Insert and View a Document
Estimated completion time: 5 minutes
After you've connected to your Atlas cluster,
you can interact with it. In this tutorial, you insert
data into your cluster and read the new data by using mongosh
,
the Atlas UI, MongoDB Compass,
or a supported MongoDB driver.
➤ Use the Select your language drop-down menu to set the method for this tutorial.
Required Access
To interact with a cluster, you must be a database user.
Prerequisites
Before you start, you must configure your preferred connection method. To learn more, see Connect to Your Cluster.
Insert and View Data
Atlas provides a GUI to interact with data in your cluster.
In Atlas, go to the Clusters page for your project.
If it's not already displayed, select the organization that contains your desired project from the Organizations menu in the navigation bar.
If it's not already displayed, select your desired project from the Projects menu in the navigation bar.
If it's not already displayed, click Clusters in the sidebar.
The Clusters page displays.
Go to the Collections page.
Click the Browse Collections button for your cluster.
The Data Explorer displays.
Insert documents into the collection.
Select the
people
collection if it's not selected.Click Insert Document.
Click the JSON view ({}) to replace the default document.
Paste the following code:
{ "name": { "first": "Alan", "last": "Turing" }, "birth": { "$date": "1912-06-23" }, "death": { "$date": "1954-06-07" }, "contribs": [ "Turing machine", "Turing test", "Turingery" ], "views": 1250000 } Click Insert to add the document.
Click Insert Document.
Click the JSON view ({}) to replace the default document.
Paste the following code:
{ "name": { "first": "Grace", "last": "Hopper" }, "birth": { "$date": "1906-12-09" }, "death": { "$date": "1992-01-01" }, "contribs": [ "Mark I", "UNIVAC", "COBOL" ], "views": 3860000 } Click Insert to add the document.
View the document.
Click Apply to run the query and view the document that you inserted. You should see the following document in your query results:
_id: ObjectId('64d52c3c3db2144fc00791b9'}, name: Object first: "Alan" last: "Turing" birth: 1912-06-23T06:00:00.000+00:00 death: 1954-06-07T05:00:00.000+00:00 contribs: Array 0: "Turing machine" 1: "Turing test" 2: "Turingery" views: 1250000
Note
You might see a different value for ObjectId, because it is a system-generated value.
Tip
To learn more, see Create, View, Update, and Delete Documents.

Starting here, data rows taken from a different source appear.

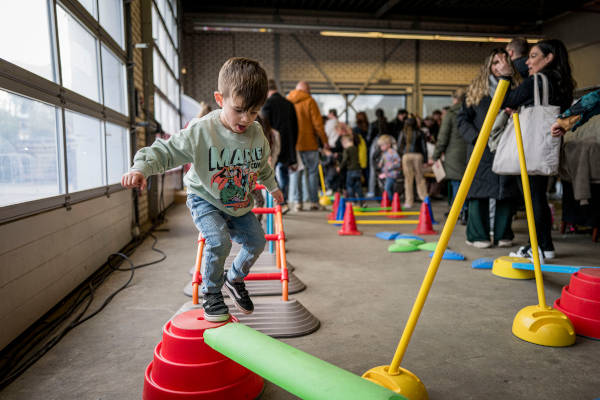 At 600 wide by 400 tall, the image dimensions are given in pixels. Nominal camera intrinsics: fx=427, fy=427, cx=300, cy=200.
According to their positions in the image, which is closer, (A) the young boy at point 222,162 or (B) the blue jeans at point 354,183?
(A) the young boy at point 222,162

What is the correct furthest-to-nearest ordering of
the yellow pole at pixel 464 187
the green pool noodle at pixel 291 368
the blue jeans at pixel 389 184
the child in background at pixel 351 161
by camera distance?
the child in background at pixel 351 161, the blue jeans at pixel 389 184, the yellow pole at pixel 464 187, the green pool noodle at pixel 291 368

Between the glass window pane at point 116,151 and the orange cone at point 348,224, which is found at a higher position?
the glass window pane at point 116,151

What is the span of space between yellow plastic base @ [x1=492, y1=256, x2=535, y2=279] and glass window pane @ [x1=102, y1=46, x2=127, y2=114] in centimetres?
382

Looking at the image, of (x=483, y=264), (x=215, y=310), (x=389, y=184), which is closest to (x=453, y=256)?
(x=483, y=264)

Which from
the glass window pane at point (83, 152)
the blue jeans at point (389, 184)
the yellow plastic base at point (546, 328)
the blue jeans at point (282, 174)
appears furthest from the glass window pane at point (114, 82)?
the blue jeans at point (389, 184)

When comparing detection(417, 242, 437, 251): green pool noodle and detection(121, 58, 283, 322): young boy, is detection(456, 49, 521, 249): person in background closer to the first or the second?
detection(417, 242, 437, 251): green pool noodle

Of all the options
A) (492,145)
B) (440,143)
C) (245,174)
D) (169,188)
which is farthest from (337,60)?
(245,174)

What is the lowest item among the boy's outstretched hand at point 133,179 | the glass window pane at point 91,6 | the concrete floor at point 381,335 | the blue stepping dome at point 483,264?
the concrete floor at point 381,335

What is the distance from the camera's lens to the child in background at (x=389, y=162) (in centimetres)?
779

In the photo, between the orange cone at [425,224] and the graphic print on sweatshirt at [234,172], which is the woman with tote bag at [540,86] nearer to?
the orange cone at [425,224]

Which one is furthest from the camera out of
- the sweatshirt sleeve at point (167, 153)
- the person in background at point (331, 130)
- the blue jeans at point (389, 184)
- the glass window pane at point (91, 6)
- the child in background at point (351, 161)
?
the person in background at point (331, 130)

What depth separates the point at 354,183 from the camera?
8508mm

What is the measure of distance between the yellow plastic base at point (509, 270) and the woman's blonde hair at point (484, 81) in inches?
56.9

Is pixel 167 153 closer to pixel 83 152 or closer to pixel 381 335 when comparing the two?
pixel 381 335
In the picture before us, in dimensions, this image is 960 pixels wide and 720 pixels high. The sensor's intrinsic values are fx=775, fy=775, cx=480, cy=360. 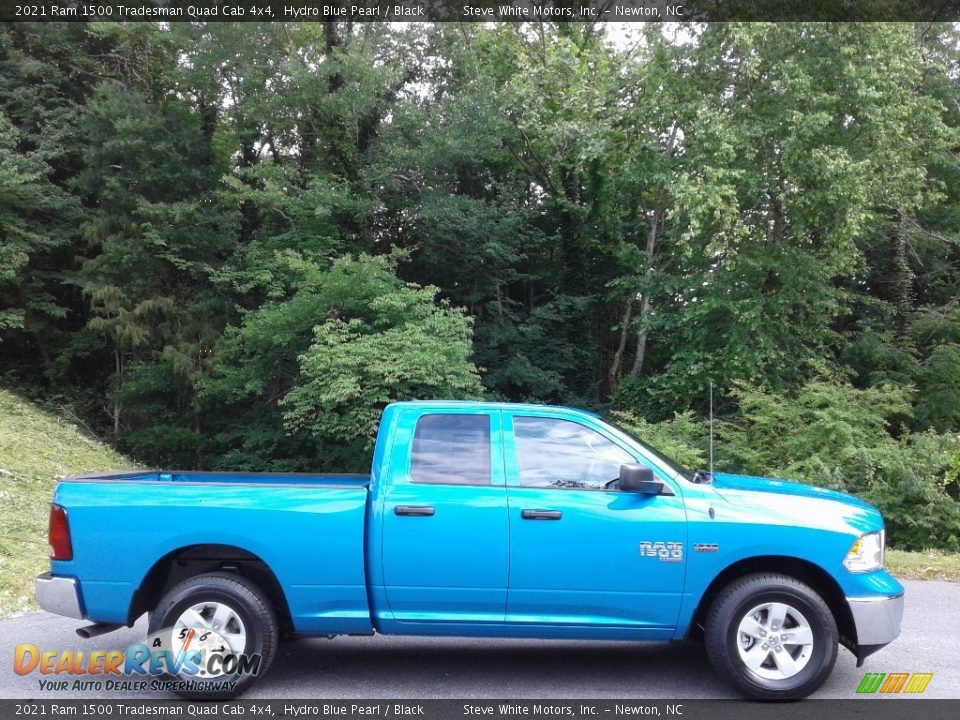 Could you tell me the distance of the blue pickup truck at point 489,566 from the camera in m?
4.93

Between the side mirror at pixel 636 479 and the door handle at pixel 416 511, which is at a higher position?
the side mirror at pixel 636 479

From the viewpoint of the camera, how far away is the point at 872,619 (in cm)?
489

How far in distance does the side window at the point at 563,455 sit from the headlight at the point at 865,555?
1489 mm

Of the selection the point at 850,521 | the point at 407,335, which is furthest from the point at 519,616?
the point at 407,335

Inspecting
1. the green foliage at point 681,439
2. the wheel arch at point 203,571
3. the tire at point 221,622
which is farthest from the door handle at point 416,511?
the green foliage at point 681,439

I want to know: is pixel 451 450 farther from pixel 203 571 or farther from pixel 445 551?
pixel 203 571

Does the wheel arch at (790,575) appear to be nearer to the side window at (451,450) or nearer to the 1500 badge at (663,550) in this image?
the 1500 badge at (663,550)

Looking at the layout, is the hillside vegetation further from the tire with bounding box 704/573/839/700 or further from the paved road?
the tire with bounding box 704/573/839/700

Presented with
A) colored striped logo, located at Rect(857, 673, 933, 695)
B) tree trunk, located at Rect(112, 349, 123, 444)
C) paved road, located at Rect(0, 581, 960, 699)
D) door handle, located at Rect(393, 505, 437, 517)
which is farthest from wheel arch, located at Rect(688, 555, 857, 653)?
tree trunk, located at Rect(112, 349, 123, 444)

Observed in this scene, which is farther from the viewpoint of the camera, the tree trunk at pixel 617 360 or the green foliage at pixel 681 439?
the tree trunk at pixel 617 360

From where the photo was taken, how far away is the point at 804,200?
16.8 metres

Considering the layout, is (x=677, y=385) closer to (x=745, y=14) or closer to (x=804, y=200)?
(x=804, y=200)

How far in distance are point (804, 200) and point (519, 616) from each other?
14564 mm

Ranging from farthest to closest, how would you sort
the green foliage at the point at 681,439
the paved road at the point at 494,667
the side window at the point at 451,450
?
1. the green foliage at the point at 681,439
2. the side window at the point at 451,450
3. the paved road at the point at 494,667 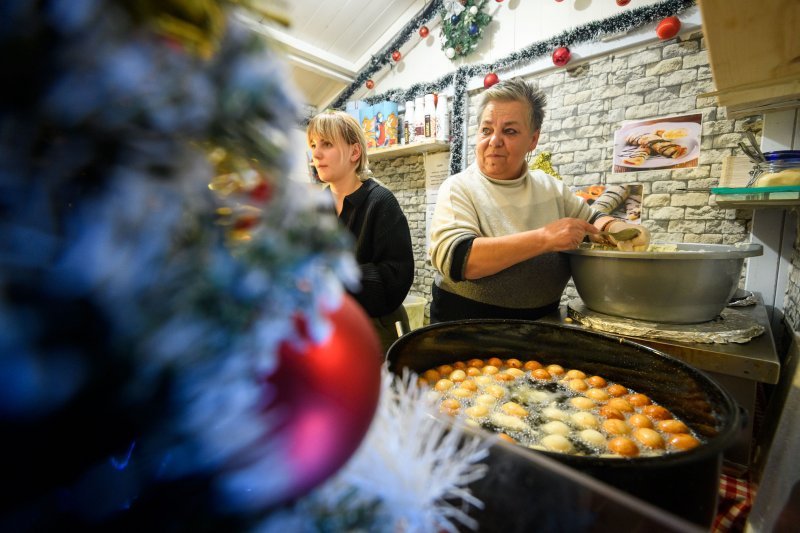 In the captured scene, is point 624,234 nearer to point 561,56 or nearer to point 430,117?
point 561,56

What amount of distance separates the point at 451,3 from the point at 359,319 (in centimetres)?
424

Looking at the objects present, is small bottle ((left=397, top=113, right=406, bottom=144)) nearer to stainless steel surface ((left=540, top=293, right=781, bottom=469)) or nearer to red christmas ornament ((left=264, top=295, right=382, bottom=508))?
stainless steel surface ((left=540, top=293, right=781, bottom=469))

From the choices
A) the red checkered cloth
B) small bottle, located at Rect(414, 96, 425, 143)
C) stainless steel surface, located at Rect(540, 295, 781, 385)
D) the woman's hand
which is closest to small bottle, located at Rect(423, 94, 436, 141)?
small bottle, located at Rect(414, 96, 425, 143)

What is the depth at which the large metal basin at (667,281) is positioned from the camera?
1148 millimetres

Insert documents into your database.
In mongosh
, run the following command to insert
documents into your new database:
db.people.insertMany([ { name: { first: 'Alan', last: 'Turing' }, birth: new Date('Jun 23, 1912'), death: new Date('Jun 07, 1954'), contribs: [ 'Turing machine', 'Turing test', 'Turingery' ], views : Long(1250000) }, { name: { first: 'Grace', last: 'Hopper' }, birth: new Date('Dec 9, 1906'), death: new Date('Jan 1, 1992'), contribs: [ 'Mark I', 'UNIVAC', 'COBOL' ], views : Long(3860000) }] );
{ acknowledged: true, insertedIds: { '0': ObjectId('65c28946edcfbff3c7ce90c4'), '1': ObjectId('65c28946edcfbff3c7ce90c5') } }
Note
You might see a different value for ObjectId, because it is a system-generated value.

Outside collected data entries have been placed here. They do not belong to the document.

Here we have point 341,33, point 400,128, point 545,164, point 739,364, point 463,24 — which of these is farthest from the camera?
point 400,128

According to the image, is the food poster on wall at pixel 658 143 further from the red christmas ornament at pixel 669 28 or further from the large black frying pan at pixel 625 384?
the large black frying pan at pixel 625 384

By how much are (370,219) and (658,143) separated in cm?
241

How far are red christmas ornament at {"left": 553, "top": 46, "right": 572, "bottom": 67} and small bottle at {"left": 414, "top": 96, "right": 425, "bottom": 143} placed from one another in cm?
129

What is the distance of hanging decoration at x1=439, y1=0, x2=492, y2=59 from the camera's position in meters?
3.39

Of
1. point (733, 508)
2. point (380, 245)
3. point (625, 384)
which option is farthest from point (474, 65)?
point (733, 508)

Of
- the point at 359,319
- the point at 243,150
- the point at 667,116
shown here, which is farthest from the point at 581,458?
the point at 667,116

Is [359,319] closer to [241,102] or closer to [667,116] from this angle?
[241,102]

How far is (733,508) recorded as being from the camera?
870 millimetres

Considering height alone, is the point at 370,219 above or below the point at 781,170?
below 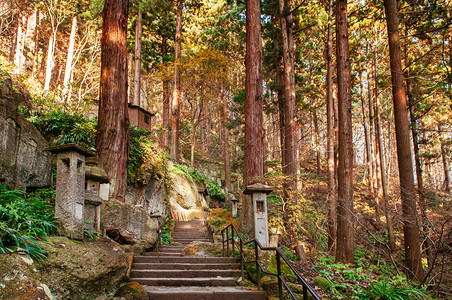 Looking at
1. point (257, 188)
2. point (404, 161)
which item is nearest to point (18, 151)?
point (257, 188)

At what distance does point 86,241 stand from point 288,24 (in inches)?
515

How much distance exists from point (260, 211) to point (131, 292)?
3.88 meters

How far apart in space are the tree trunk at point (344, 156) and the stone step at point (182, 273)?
4032 millimetres

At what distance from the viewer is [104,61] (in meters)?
8.12

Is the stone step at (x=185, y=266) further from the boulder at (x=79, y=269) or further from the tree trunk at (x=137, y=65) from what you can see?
the tree trunk at (x=137, y=65)

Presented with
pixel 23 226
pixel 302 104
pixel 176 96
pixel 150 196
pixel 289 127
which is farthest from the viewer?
pixel 176 96

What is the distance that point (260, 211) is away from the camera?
24.9ft

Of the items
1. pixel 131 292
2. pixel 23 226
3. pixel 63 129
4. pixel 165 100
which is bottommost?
pixel 131 292

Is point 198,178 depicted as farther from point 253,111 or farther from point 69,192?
point 69,192

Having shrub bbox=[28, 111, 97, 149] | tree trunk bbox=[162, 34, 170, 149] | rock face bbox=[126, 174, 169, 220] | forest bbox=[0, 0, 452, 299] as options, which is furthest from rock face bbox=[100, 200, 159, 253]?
tree trunk bbox=[162, 34, 170, 149]

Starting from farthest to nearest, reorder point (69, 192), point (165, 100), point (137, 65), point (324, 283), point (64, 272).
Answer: point (165, 100) < point (137, 65) < point (324, 283) < point (69, 192) < point (64, 272)

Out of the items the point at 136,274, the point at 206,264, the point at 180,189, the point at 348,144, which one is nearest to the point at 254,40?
the point at 348,144

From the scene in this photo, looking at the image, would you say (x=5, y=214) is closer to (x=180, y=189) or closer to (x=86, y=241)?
(x=86, y=241)

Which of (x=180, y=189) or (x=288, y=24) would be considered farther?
(x=180, y=189) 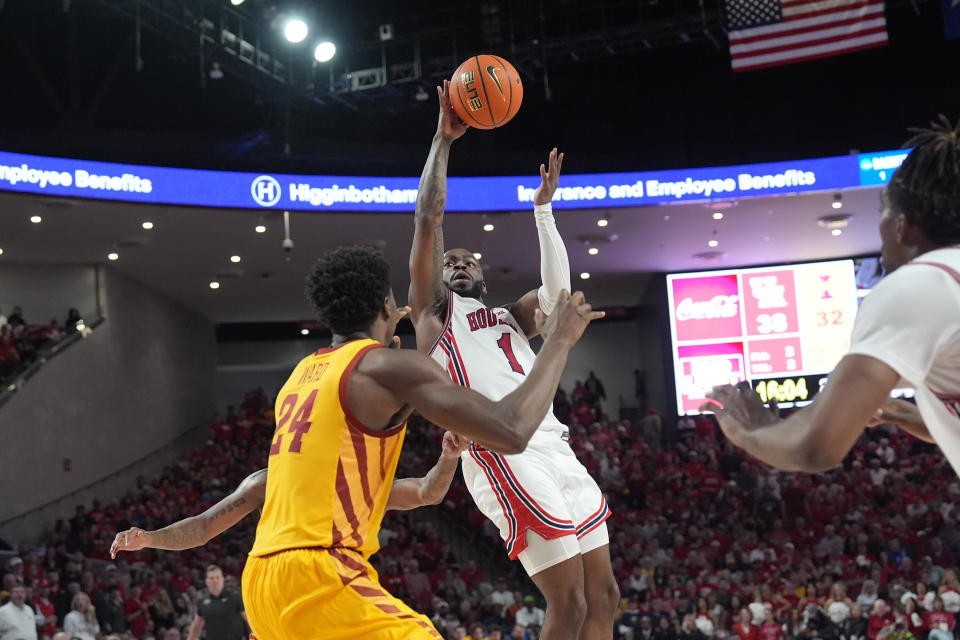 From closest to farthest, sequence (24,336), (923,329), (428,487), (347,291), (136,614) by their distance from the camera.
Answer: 1. (923,329)
2. (347,291)
3. (428,487)
4. (136,614)
5. (24,336)

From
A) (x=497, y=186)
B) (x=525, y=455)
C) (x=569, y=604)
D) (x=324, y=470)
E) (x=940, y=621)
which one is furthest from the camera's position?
(x=497, y=186)

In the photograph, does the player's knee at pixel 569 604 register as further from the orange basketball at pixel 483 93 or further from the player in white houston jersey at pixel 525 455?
the orange basketball at pixel 483 93

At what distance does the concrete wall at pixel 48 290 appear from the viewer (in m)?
18.7

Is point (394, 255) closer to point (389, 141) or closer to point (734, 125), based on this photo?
point (389, 141)

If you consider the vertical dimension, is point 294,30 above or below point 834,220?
above

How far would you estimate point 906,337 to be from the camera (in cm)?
206

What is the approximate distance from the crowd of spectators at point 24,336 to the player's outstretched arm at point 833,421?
1633 centimetres

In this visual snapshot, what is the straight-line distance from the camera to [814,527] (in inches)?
679

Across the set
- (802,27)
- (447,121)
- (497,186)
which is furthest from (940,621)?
(447,121)

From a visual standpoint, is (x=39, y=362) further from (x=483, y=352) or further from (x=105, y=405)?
(x=483, y=352)

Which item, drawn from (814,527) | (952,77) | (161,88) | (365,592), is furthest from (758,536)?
(365,592)

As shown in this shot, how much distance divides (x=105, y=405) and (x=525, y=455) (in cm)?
1623

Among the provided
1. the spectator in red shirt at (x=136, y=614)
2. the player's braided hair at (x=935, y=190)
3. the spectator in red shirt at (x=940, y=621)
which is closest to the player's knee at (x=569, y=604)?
the player's braided hair at (x=935, y=190)

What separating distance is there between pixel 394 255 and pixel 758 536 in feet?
28.2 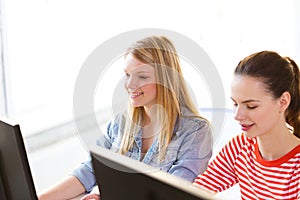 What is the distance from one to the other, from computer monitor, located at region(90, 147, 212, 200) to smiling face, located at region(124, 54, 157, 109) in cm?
68

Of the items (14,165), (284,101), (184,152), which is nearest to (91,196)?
(184,152)

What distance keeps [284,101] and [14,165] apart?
0.79m

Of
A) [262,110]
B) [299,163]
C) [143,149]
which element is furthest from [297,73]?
[143,149]

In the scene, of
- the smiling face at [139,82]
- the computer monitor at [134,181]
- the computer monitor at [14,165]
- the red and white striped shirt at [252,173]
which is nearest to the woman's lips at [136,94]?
the smiling face at [139,82]

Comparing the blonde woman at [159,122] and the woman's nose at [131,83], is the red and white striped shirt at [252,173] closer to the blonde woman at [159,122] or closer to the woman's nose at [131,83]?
the blonde woman at [159,122]

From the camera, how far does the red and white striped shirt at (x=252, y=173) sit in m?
1.41

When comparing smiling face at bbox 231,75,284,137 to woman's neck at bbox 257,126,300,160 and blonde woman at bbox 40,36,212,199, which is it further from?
blonde woman at bbox 40,36,212,199

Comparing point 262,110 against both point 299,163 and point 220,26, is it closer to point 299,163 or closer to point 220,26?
point 299,163

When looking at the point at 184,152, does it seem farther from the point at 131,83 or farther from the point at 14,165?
the point at 14,165

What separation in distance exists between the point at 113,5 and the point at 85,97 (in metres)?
1.34

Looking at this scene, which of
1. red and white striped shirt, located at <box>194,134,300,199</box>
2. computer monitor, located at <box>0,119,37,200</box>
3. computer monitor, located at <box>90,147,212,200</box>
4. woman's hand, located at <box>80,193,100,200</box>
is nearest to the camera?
computer monitor, located at <box>90,147,212,200</box>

This command creates a new collection in your
gettingStarted
database called people
and inserts one
document into that collection.
View a document.
To view one of the documents that you just inserted into your
cluster, run the following command to search the
people
collection for documents that have a
name.last
value of Turing
:
db.people.find({ "name.last": "Turing" })
{ _id: ObjectId("65c28946edcfbff3c7ce90c4"), name: { first: 'Alan', last: 'Turing' }, birth: ISODate("1912-06-23T04:00:00Z"), death: ISODate("1954-06-07T04:00:00Z"), contribs: [ 'Turing machine', 'Turing test', 'Turingery' ], views: Long("1250000") }
Note
You might see a different value for ObjectId, because it is a system-generated value.
Tip
To learn more about querying data in MongoDB, see Query Documents.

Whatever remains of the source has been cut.